Only the lines below from the one containing "WA license plate AXZ3311" through the one containing "imageComfort Spaces Cooling" belong in the answer, repeated exactly and without pictures.
Start of Excerpted records
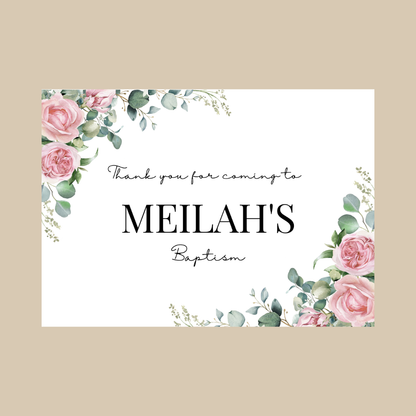 Rectangle Stickers | Pink Floral Roses Party Stickers | Birthday, Baby Shower, Christening Stickers | Party Bag Stickers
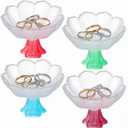 4 Pcs Flower Jewelry Dish Ring Holder Jewellery Tray Plate Bowl for Earrings Rings Necklaces Keys Organizer Room Decor Decorative Tray Trinket Dish Valentines Birthday Gifts for Women Mom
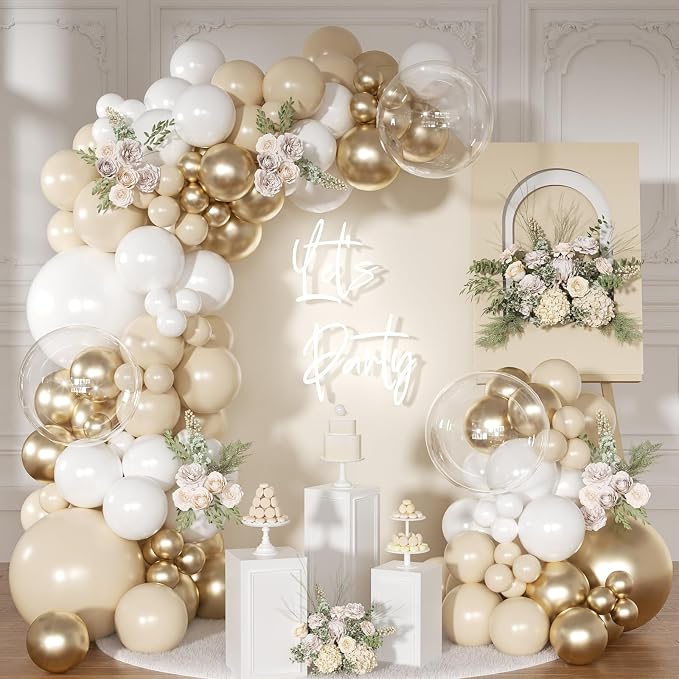 White and Gold Balloon Garland Arch Kit Sand White Balloons | Metallic Gold by NUTTYBASH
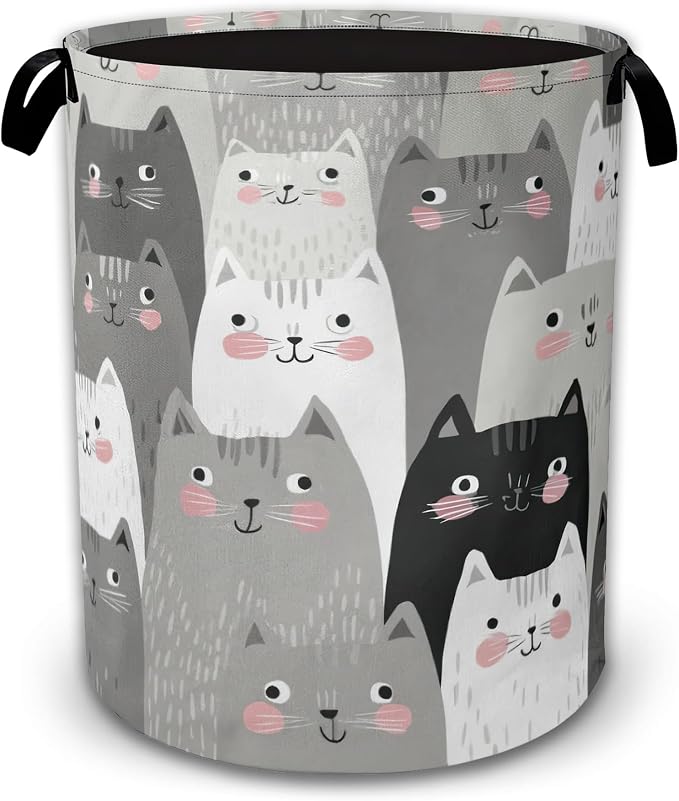 Gray Cats Collapsible Laundry Hamper with Handles,Oxford Cloth Laundry Basket,Storage Organizer for Bathroom Bedroom Laundry Room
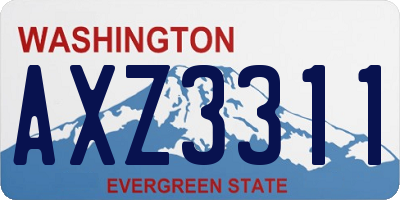 WA license plate AXZ3311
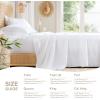 imageComfort Spaces Cooling Sheet Set Poly X Rayon Blend Rayon Derived from Bamboo Soft Silky Lustrous Heathered Finish Queen Sheets for Summer All Season Sheet Set Queen Dark Grey 4 PieceWhite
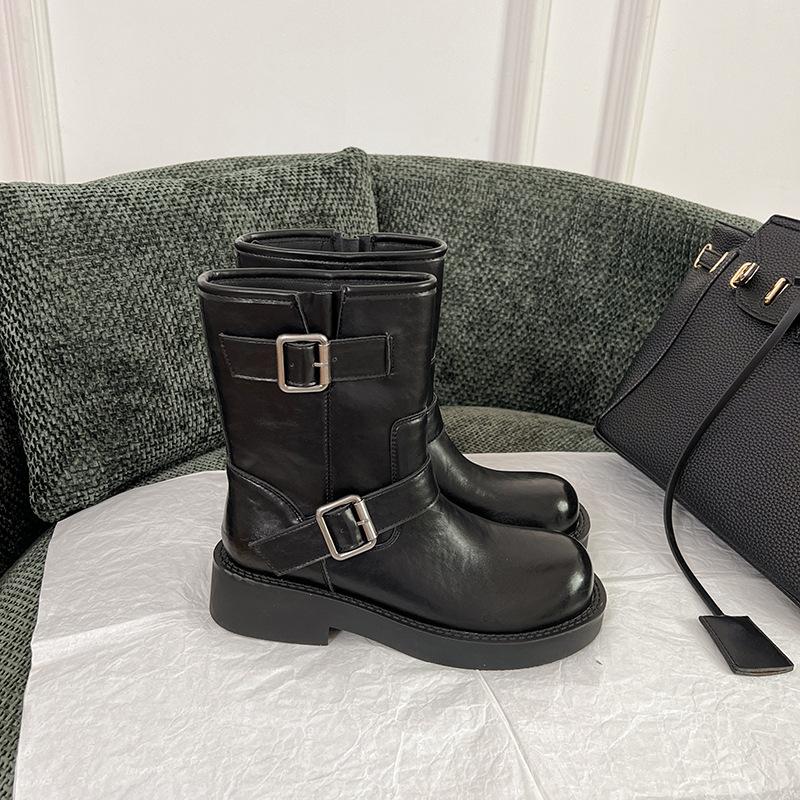 Cowhide~ Maillard Boots Retro Leather Medium Boots Women's Belt Buckle Short Boots Thick-soled Martin Boots Thin Boots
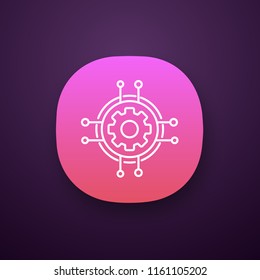 Digital settings app icon. Technological progress and innovation. UI/UX user interface. Gear. Machine learning. Cogwheel in chipset pathways. Web or mobile application. Vector isolated illustration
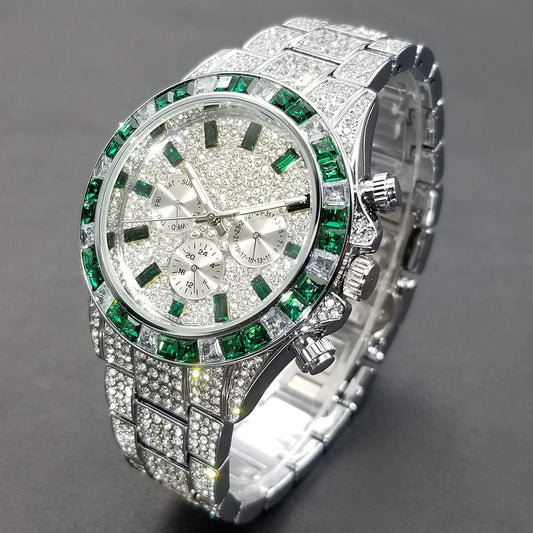 Hip Hop Iced Out, Green Diamond Watch For Men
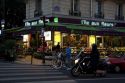 Flower shop in evening light located in Paris, France.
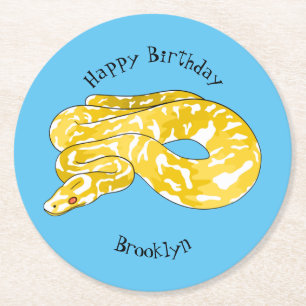 Dessous-de-verre Rond En Papier Illustration du serpent python birman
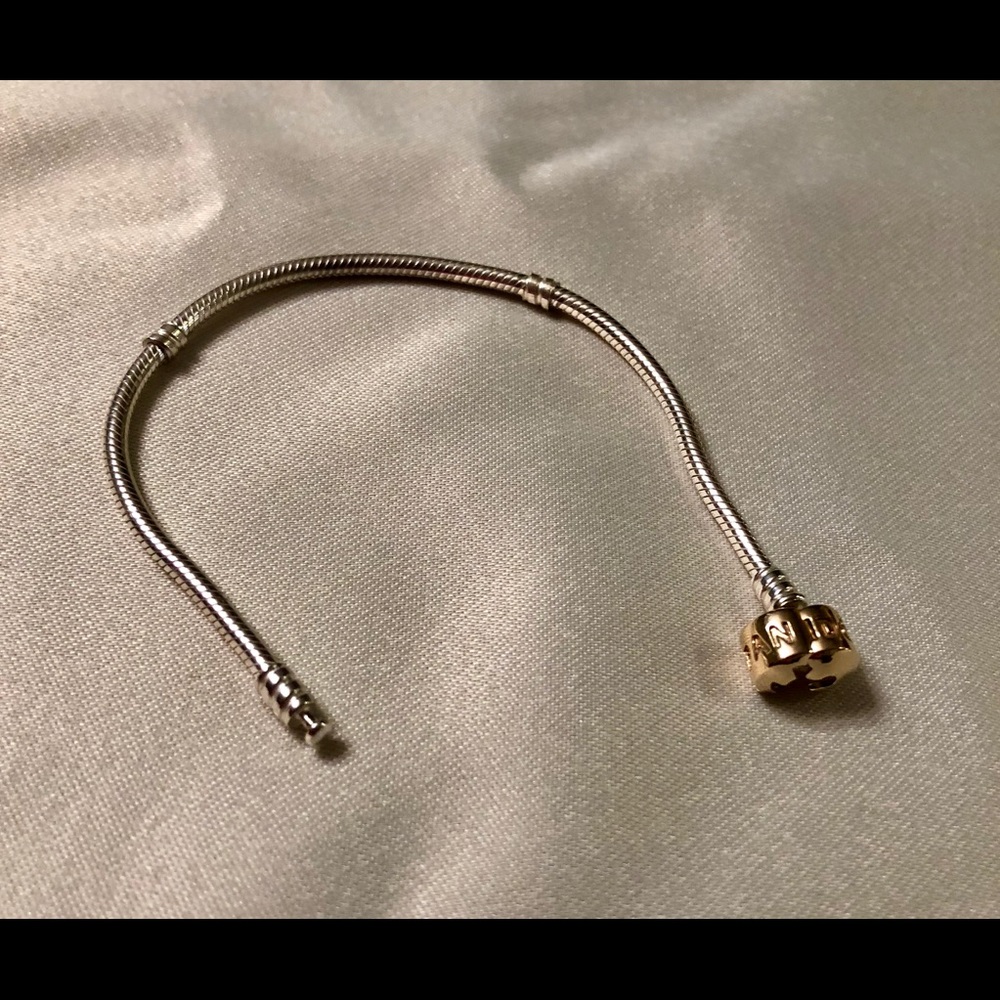 Pandora Silver bracelet with gold clasp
End of Excerpted records
**Finished task**:
 WA license plate AXZ3311
 imageComfort Spaces Cooling Sheet Set Poly X Rayon Blend Rayon Derived from Bamboo Soft Silky Lustrous Heathered Finish Queen Sheets for Summer All Season Sheet Set Queen Dark Grey 4 PieceWhite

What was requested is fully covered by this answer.